Faulty or tricky GPS directions have been blamed for multiple wrecks involving semi trucks in Middle Tennessee.
Before firefighters in Columbia respond to a call, they check and double check their directions.
Much like big rigs their trucks may not fit on every road or under every overpass. One trucker found out the hard way Monday, some roads are not meant to be driven on.
"Wasn't going to make that turn, not at all," Columbia Assistant Fire Chief Ty Cobb explained.
A tanker hauling 4,500 gallons of motor oil overturned on Ridgetop Road near Hampshire after attempting to navigate a sharp curve.
Emergency crews spent 12 hours cleaning up the wreck.
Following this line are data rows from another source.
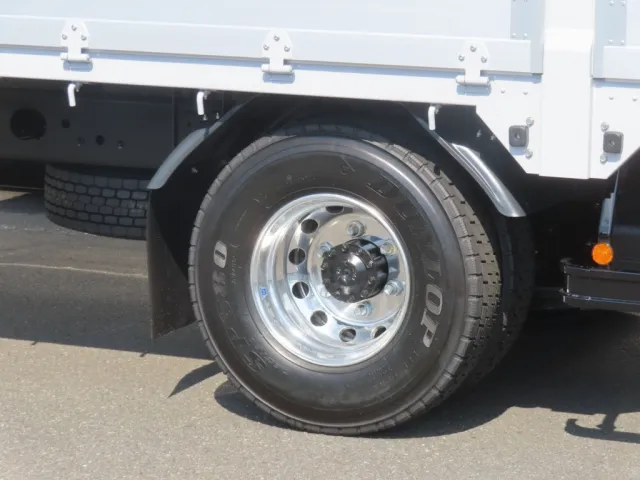 ホイールはアルミ製です。|三菱 ファイター 2KG-FK65F(2WD)の写真8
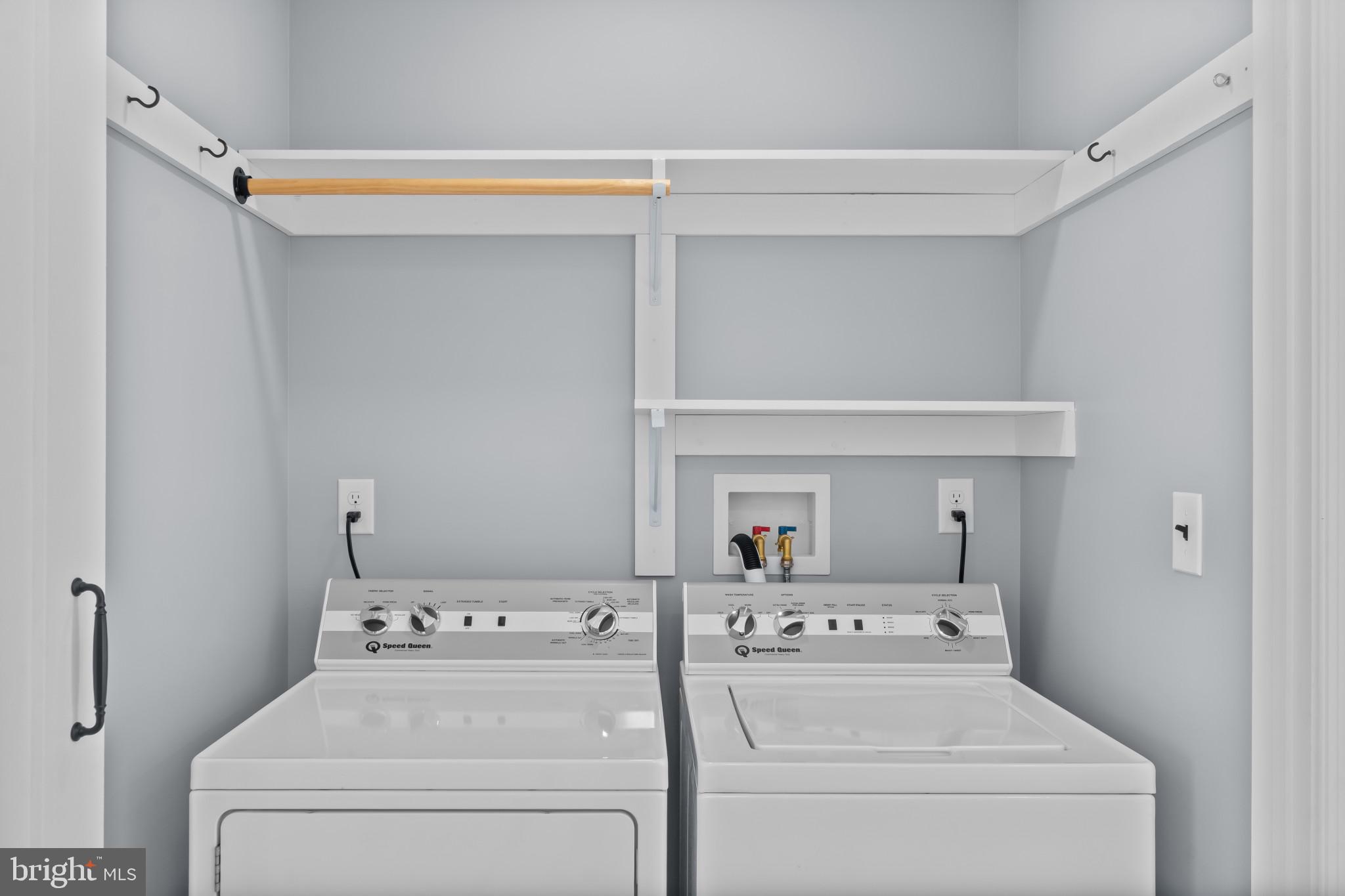 KNOLLWOOD - Residential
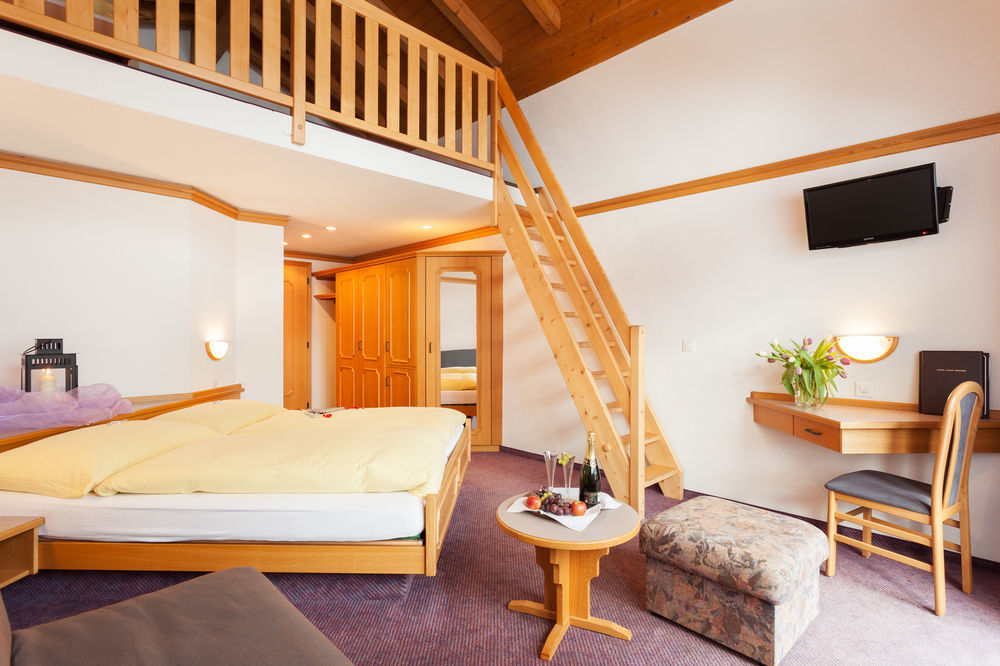Bed and Breakfast Berghof Garni - The Dom Collection Saas-Fee Esterno foto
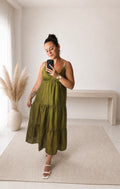 Robe longue Soléa olive en lyocell avec décolleté en V et bretelles perlées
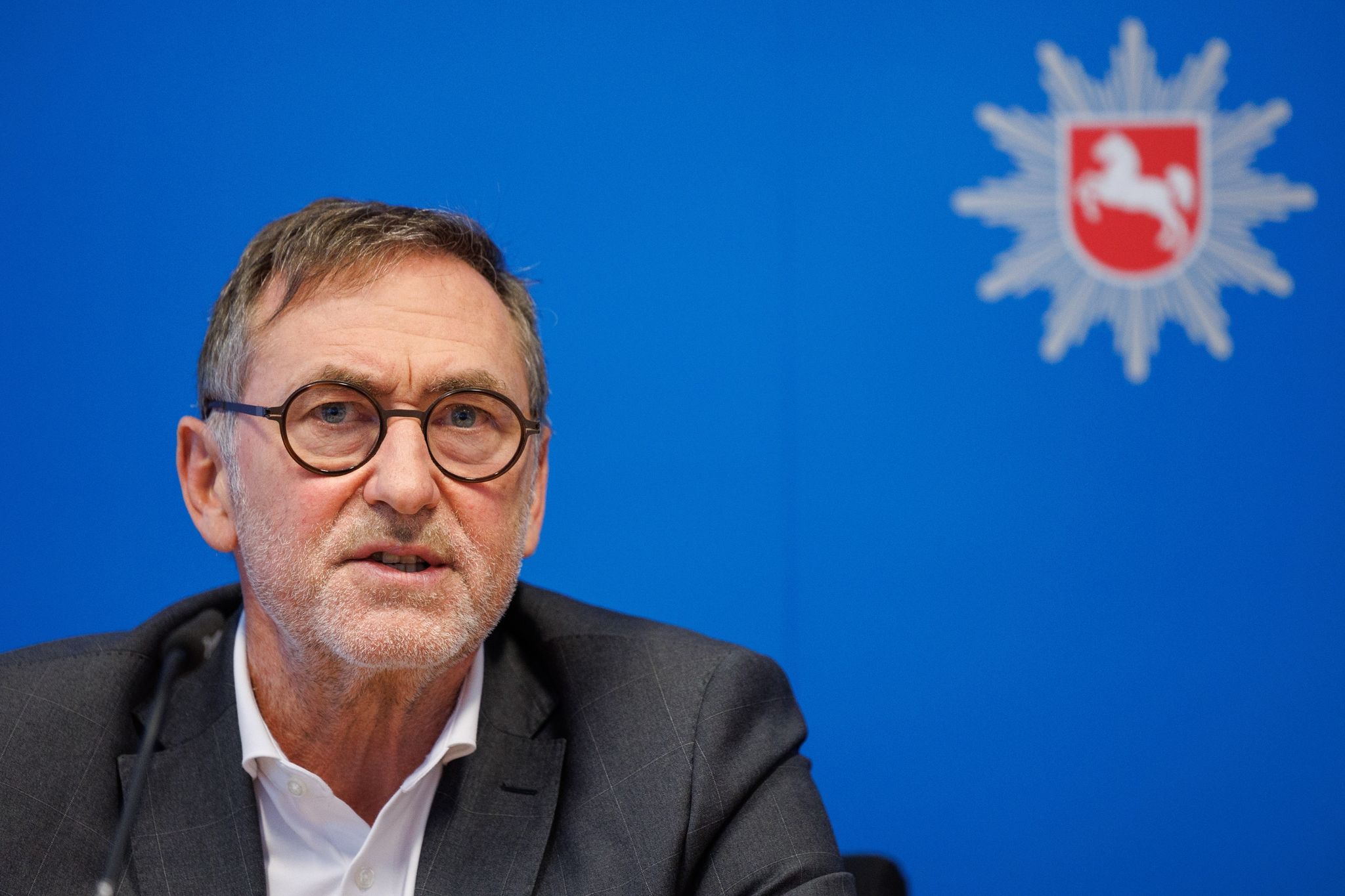 Michael Maßmann, Präsident Polizeidirektion Osnabrück, Spricht Bei Einer Pressekonferenz In Der Polizeidirektion Osnabrück.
The driver is ok, he told officials his GPS routed him the wrong way. "Took his GPS for granted, kind of got distracted and went down the wrong route in some unfamiliar territory on a county back road," Cobb said.
The same thing happened in March in Wilson County. The driver of semi truck transporting 420 beehives overturned on Posey Hill Road. That driver too, said GPS routed him the wrong way.
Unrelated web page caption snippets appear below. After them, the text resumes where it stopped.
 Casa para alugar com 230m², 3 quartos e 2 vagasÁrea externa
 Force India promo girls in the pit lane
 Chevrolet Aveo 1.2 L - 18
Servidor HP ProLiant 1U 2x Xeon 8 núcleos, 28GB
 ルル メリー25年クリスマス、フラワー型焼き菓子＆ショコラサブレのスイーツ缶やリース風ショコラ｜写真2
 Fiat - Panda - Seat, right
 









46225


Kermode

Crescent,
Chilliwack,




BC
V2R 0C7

"The GPS helps out quite a bit, you can't trust them but they're a real good tool," trucker, James Wilson said.
Wilson has been on the road for 22 years. He knows first hand how GPS can get truckers in some trouble. "If you don't watch it they'll try to run you down a road, they'll get you there and they might run you through some cow trails," Wilson laughed.
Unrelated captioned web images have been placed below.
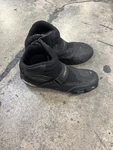 Alpinestars Motorcycle Boots SMX-1 Black, Great Pre-owned Condition! Size 9. Price: $88.00.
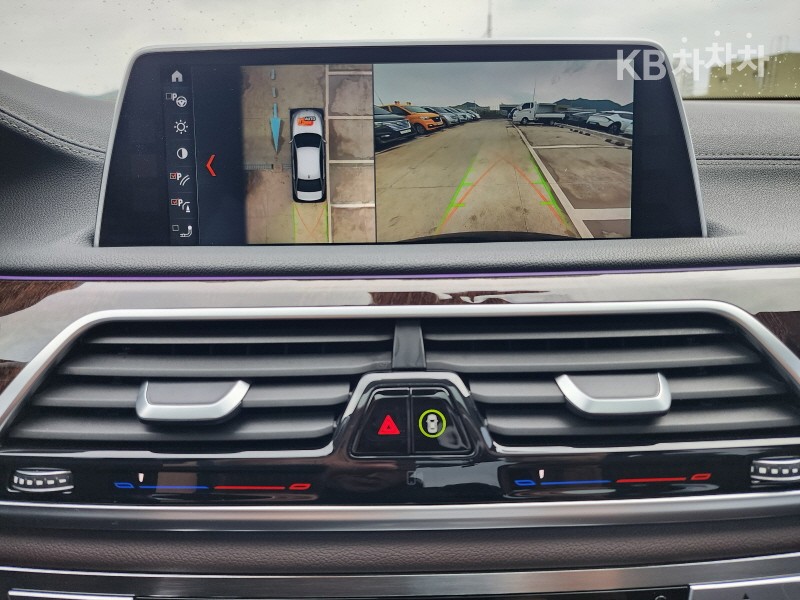 BMW 7er — miniaturë 14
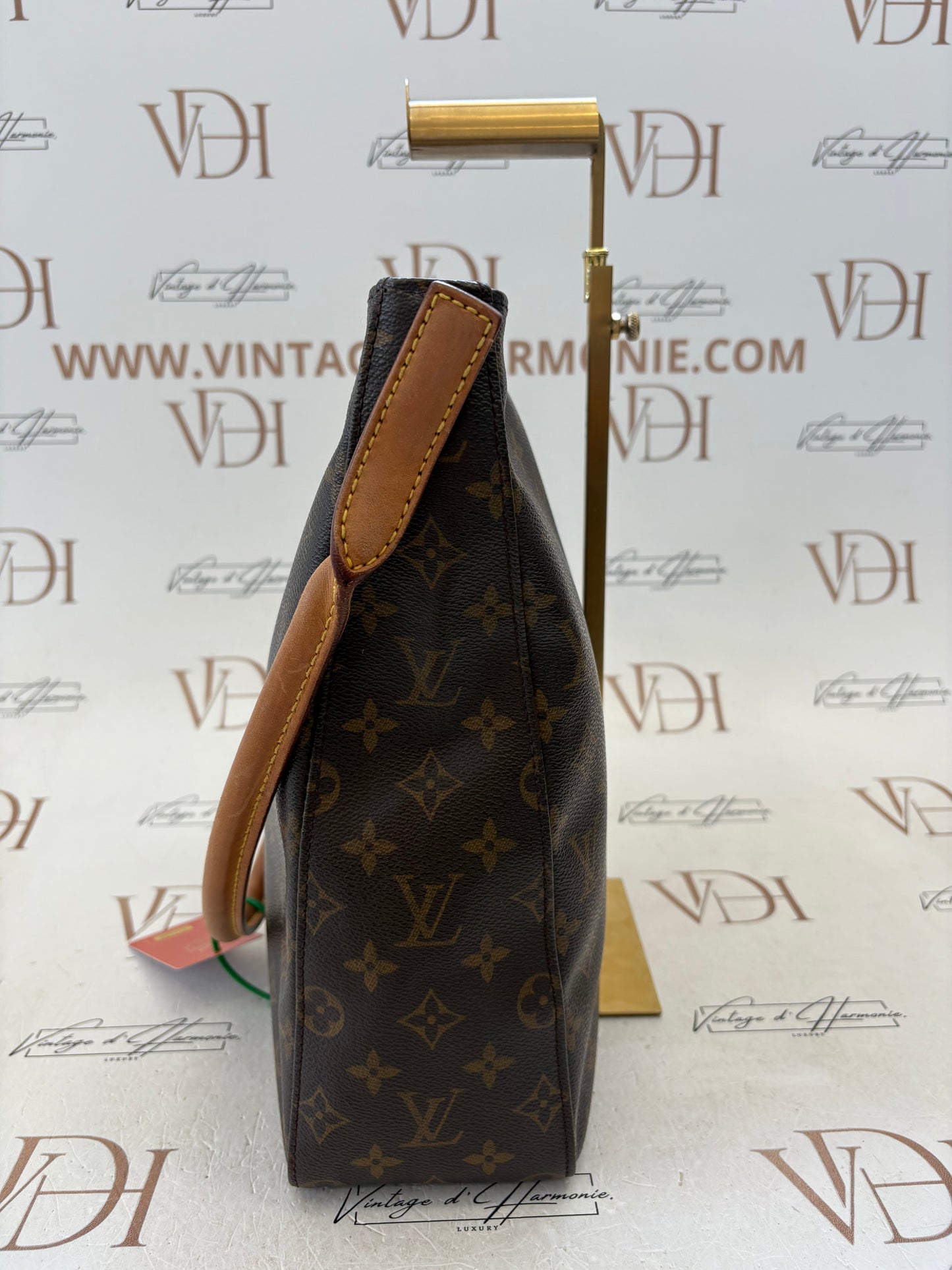 017150 - Louis Vuitton Looping GM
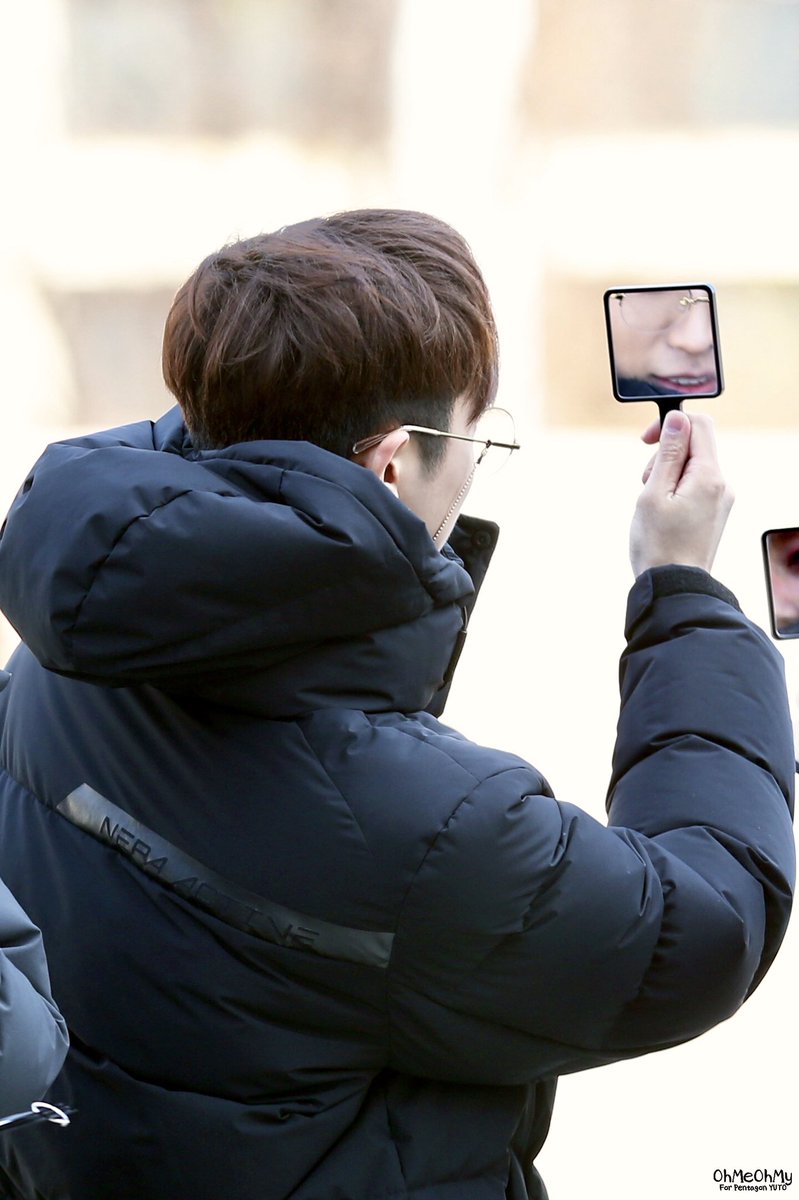 DbHcRM5V4AEksbD?format=jpg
Wilson relies on several sets of instructions to get him to where he needs to be, "I call for directions and then the company I work for, when they give you a trip they include the directions, and I set my GPS up and I go by it too. So I use three different things."
Officials said GPS is a very helpful tool, but it shouldn't be the only one you use. "I think we rely on it a lot but again don't forget the basics," said Cobb.